Structure of Plastics

Plastics are composed of polymer molecules and various additives, polymers are long-chain molecules (also called giant molecules or macromolecules), which are formed by polymerization; that is, linking and cross-linking of different monomers.

A monomer is the basic building block of polymer. The word mer (from the Greek Meros, meaning part) indicates the smallest repetitive unit, similar to the term unit cell in crystal structures. Thus, polymer means many mers or units. Monomers are organic materials. They include carbon atoms joined in covalent bonds (electron sharing) with other atoms such as hydrogen, oxygen, nitrogen, fluorine, chlorine, silicon, and sulfur.

A typical monomer is the ethylene molecule as these molecules can be made to attach themselves to other ethylene molecules by a chemical reaction involving heat, pressure, and a catalyst. In this reaction, the double bonds between the carbon atoms open and he molecules arrange them in a long line.

The polymer is called a linear polymer because of its linear structure. The number of molecules in this chain (length of chain) is known as the molecular weight. A linear molecule does not mean that it is straight. These molecules (chain) are of different lengths and their arrangement is amorphous (without any long-range order). This arrangement is often described as a bowl of spaghetti, or worms in a bucket, all intertwined with each other. Because of the differences in the length of the chains, the molecular weight of a polymer is determined on a statistical basis.

Although within each long-chain molecule there is covalent bonding (primary bonds), no such intermolecular bonding exists between different chains. The bonds between different chains (intramolecular), and between the overlapping portions of the same chain, are known as secondary bonds. Secondary bonds are van der waals bonds, hydrogen bonds, and ionic bonds, Secondary bonds are all much weaker than the covalent bonds within the chain.

The difference in strength between the two bonds is on the order of one to two orders of magnitude. This difference is important, because it is the weaker secondary bonds that determine the overall strength of the polymer. (Thus, for instance, an object is only as strong as its weakest part.)

If the repeating units in a chain are all of the same type, the macromolecule is known as a homopolymer. However, in order to obtain certain special properties, two or three different types of monomers can be combined in a polymer. These are known as copolymers and terpolymers, respectively.

Branching and linking
The properties of a copolymer depend not only on the two monomers, but also on their arrangement in the molecular structure. Branching, for instance, interferees with the relative movement of the molecules and affects the resistance to deformation. Another kind of chain is cross-linking, which is spatial (three-dimensional) network structure with adjacent chains together. Cross-linking has great influence on the properties of the polymer, such as in the vulcanization of rubber.

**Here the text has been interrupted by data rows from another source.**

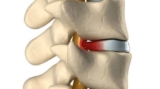 Consult a Top Neuro Spine Surgeon in Kolkata for Disc Replacement Surgery in India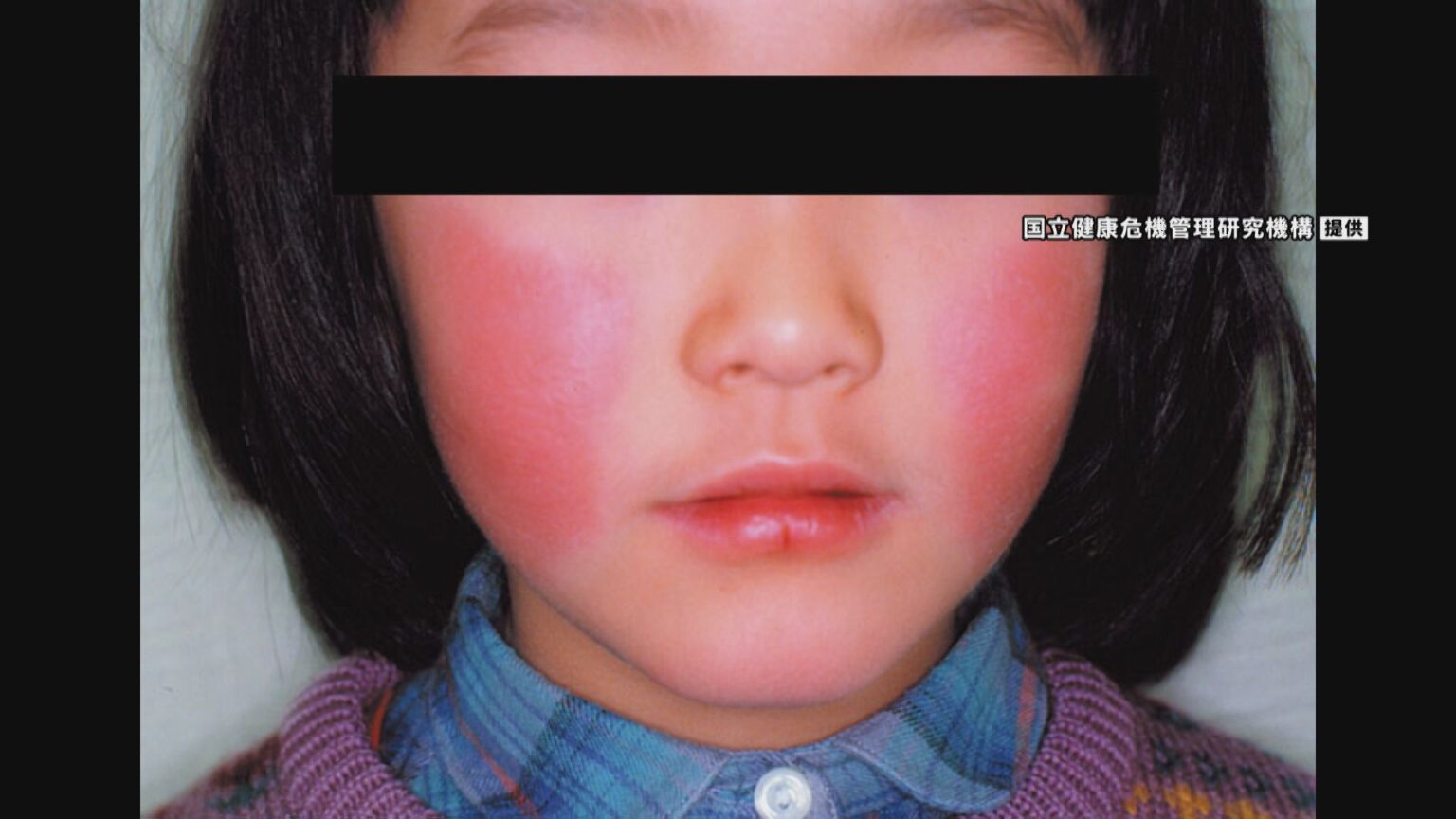 こども中心に流行の「りんご病」 愛知県で患者数が警報レベル超える 妊婦は感染で流産の恐れも 県が感染対策を呼びかけ（CBCテレビ） - Yahoo!ニュース
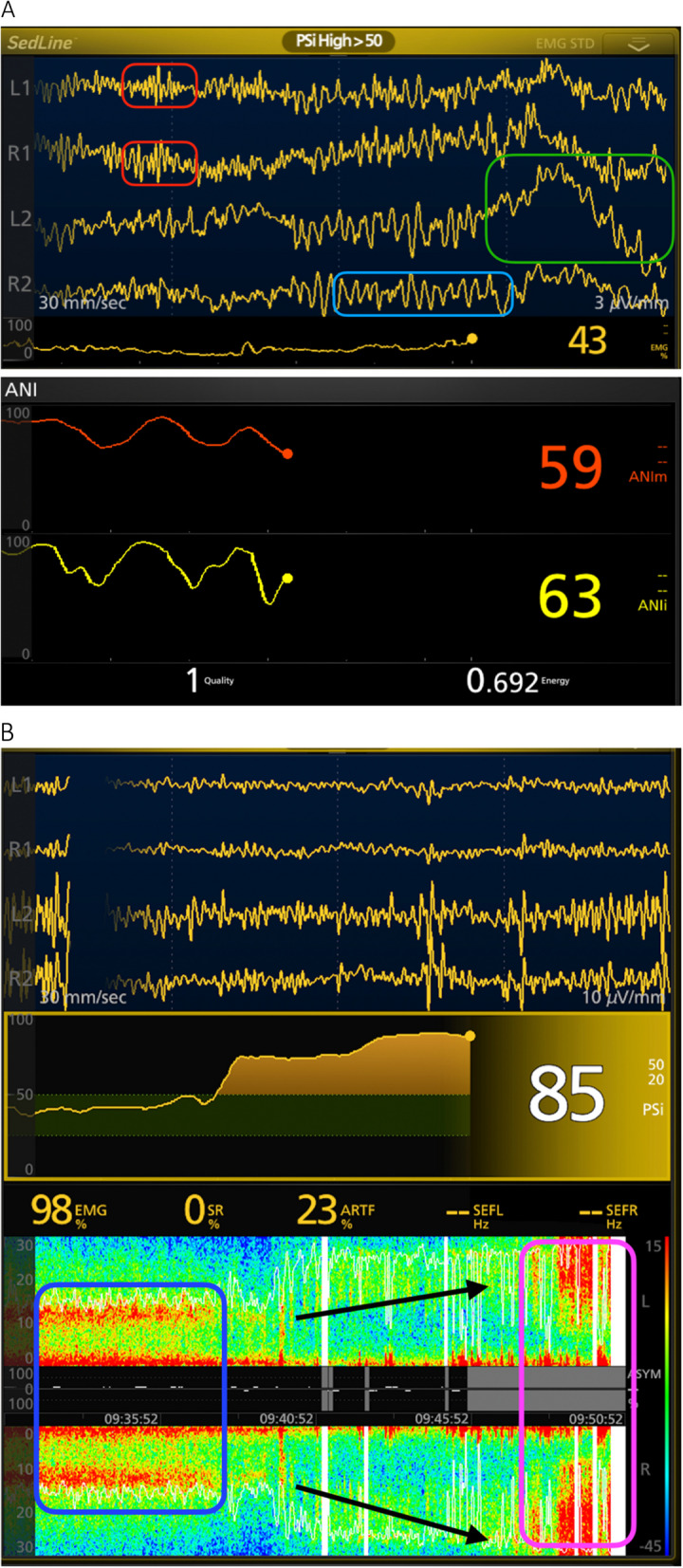 Multimodal sedation guided by processed electroencephalography and autonomic nervous system monitoring for spinal cord stimulator implantation: retrospective identification of anesthetic drug doses.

Thermoplastics, such as acrylic, nylons, polyethylene, and polyvinyl chloride, are linear-chain molecules. Thermosetting plastics, such as epoxies, phenolics, and silicones, have cross-linked chains. An example of cross-linking is the vulcanization of rubber for automobile tires, each tire being one giant molecule.

Plastics mode of linear chain structures are called thermoplastics, and those made of cross-linked chain are called thermosetting plastics, or simply, thermosets.